We made a second (doomed) attempt to reach Roque de los Muchachos today — determined to see the island from its highest peak before we left. But any hope was quickly dashed. The roads were a mess. Not just puddles and potholes, but full-on rockfalls scattered across the tarmac like nature was playing Jenga with the mountainside. After swerving around one too many boulder-sized “souvenirs,” I called it. Not worth wrecking the Fiat, or ourselves.
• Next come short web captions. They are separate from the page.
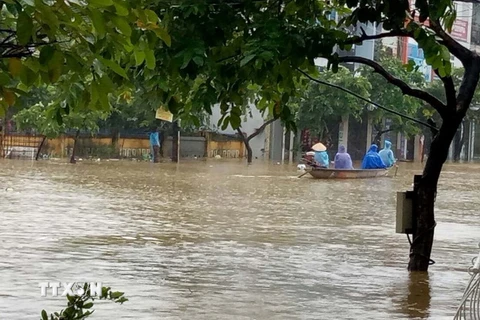 Người dân phải di chuyển bằng thuyền trên phố như đi trên sông ở Thừa Thiên - Huế. (Ảnh: Quốc Việt/TTXVN)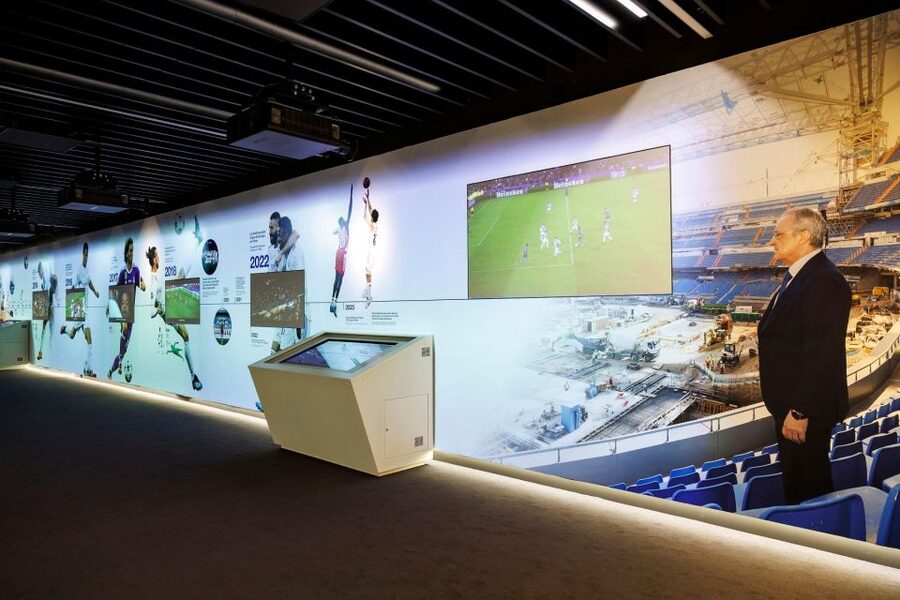 Madrid: Guided Tour of Bernabéu Stadium - Families, rival fans, and casual football fans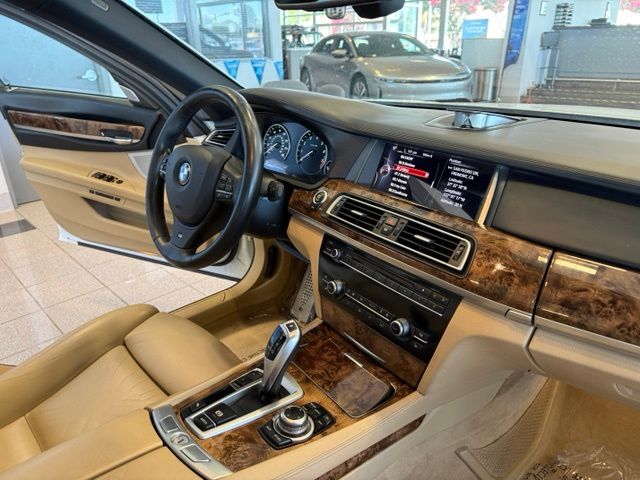 BMW 7 Series photo 28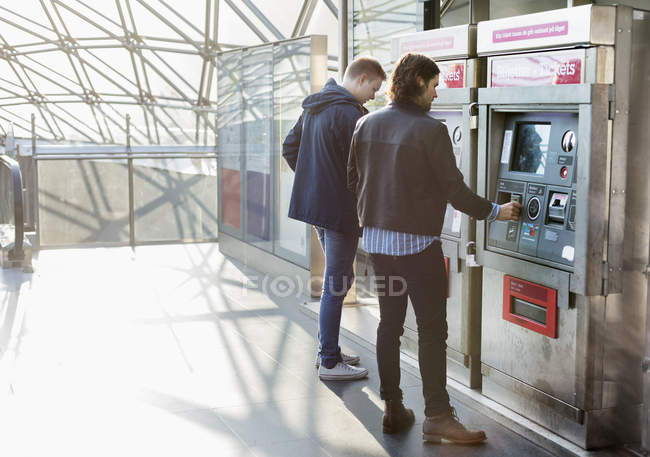Мужчины покупают билеты на поезд — стоковое фото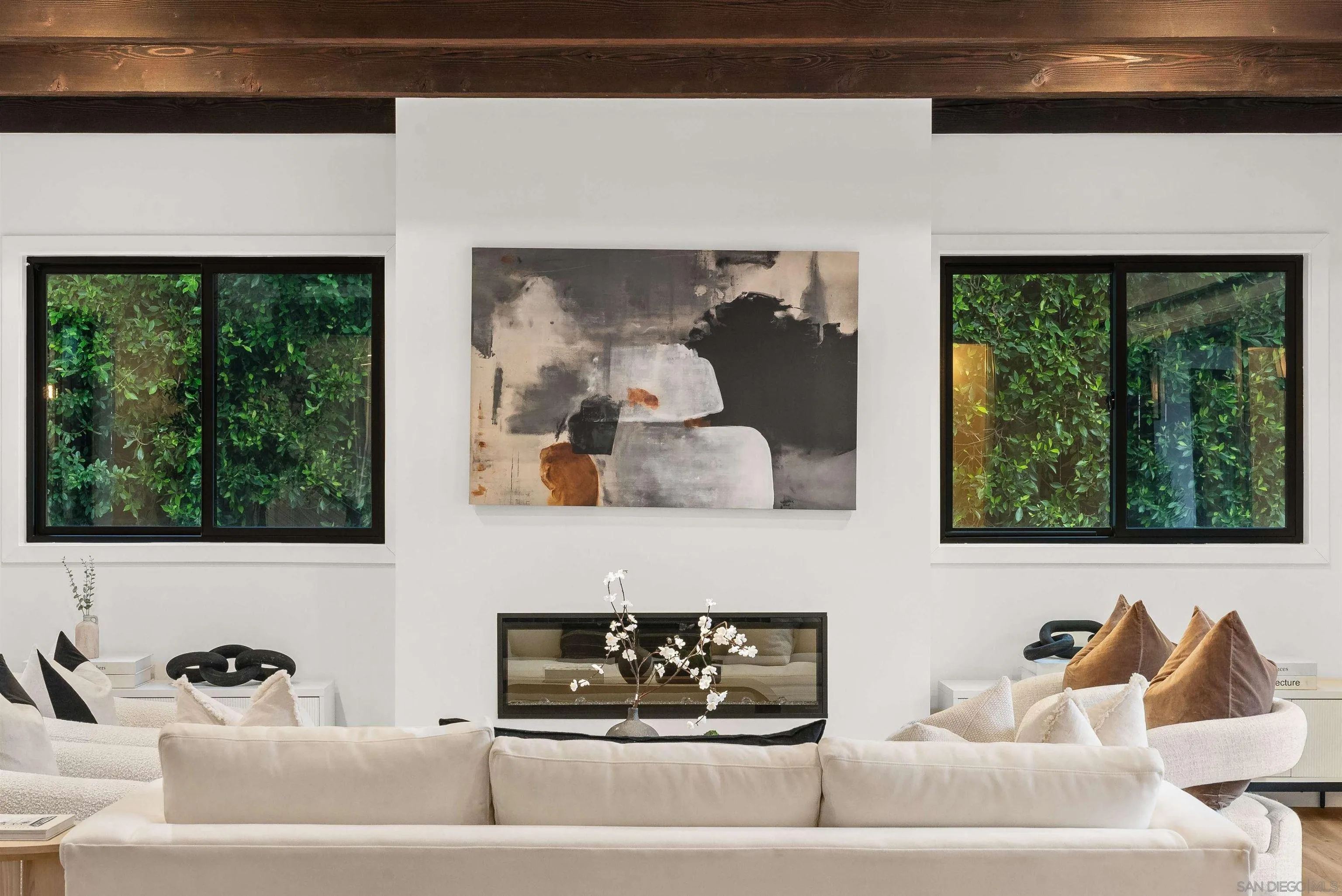 https://cdn.realtyfeed.com/cdn/127/260015122/1763950ff56e720c627e0ceec4f0d778.webp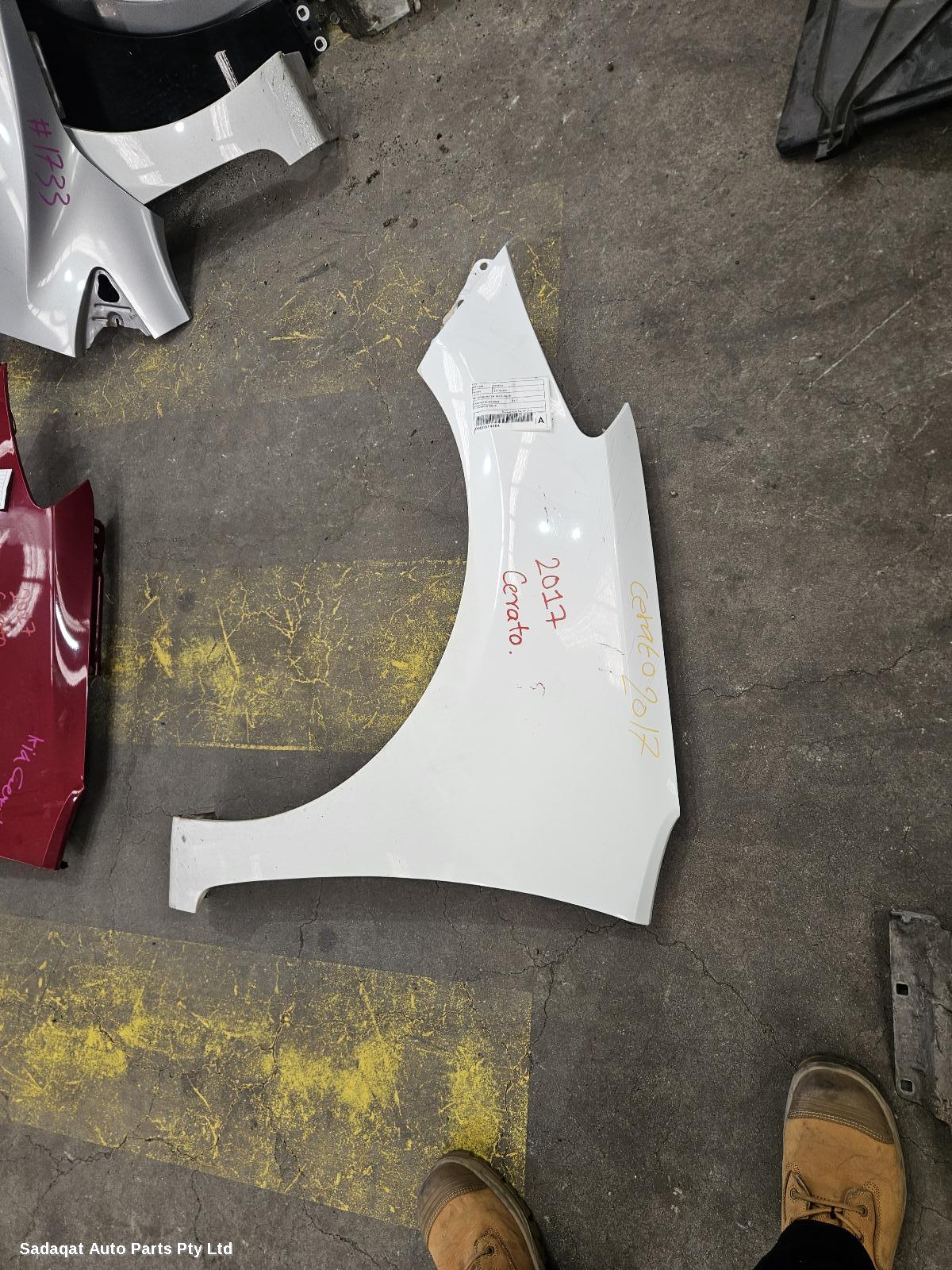 Kia Cerato Left Guard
Plan B? Embrace the chaos.
So we spent the afternoon hopping between deserted beaches, watching the rough Atlantic ocean crash and rage. It was mesmerising, almost theatrical — the kind of waves you’d normally watch from a documentary voiceover, not from a black-sand shoreline in a rain-soaked t-shirt.
At one point, huddled under an abandoned BBQ hut on a rocky beach with the rain hammering down, we cobbled together lunch: slices of wet rye bread, a tin of something mysterious, and this absolute gem we’d found earlier — Sendi, a mustard-dill sauce (German, I think?) that tastes like someone spiked honey mustard with fresh dill and made it magic. Weirdly perfect on rye. The bread was a bit soggy from the weather, but we were too hungry to care. Possibly one of the best accidental meals I’ve ever had — a soggy, mustardy, storm-lashed triumph.
Somewhere between beaches, we learned the culprit had a name: Storm Hermine. It had officially hit La Palma — a full-blown tropical storm. Locals were being advised to stay indoors. Government announcements. Weather alerts. Civil protection warnings.
And us? Blissfully sauntering around the island like characters in a Wes Anderson film — entirely unaware, thanks to our noble “no-scroll” policy and the complete absence of Wi-Fi at The Treehouse. Digital detox goals achieved, apparently. Though, in hindsight, a little push notification might’ve been handy.
By the time we made it back to the house (via the now river-like volcanic track), it felt like we were starring in a mildly chaotic survival documentary. Rain battered the roof, trees groaned in the wind, and the living room had developed its own charming little waterfall — straight through the ceiling. The bedroom wasn’t faring much better, with water dribbling its way down the walls like a bad art installation. We moved the bed just in time to avoid a full soaking. Getaway cabin in the woods? More like punk-rock ark.
Catching the leaks |
Then came the kicker: flights in and out of La Palma? Cancelled.
Oh. Shit.
We're now stranded on a storm-lashed island, huddled in a damp cabin halfway up a volcano, listening to garage punk and hoping the ceiling holds. And honestly? There's something kind of brilliant about it. Uncomfortable, yes. Slightly terrifying, also yes. But unforgettable? Absolutely.
And somewhere — probably buried in a soggy backpack — is Nick Kent’s The Dark Stuff, now less inflight entertainment and more disaster-holiday bedtime reading.
Let’s see what Monday brings. Preferably a dry towel and a clear flight path.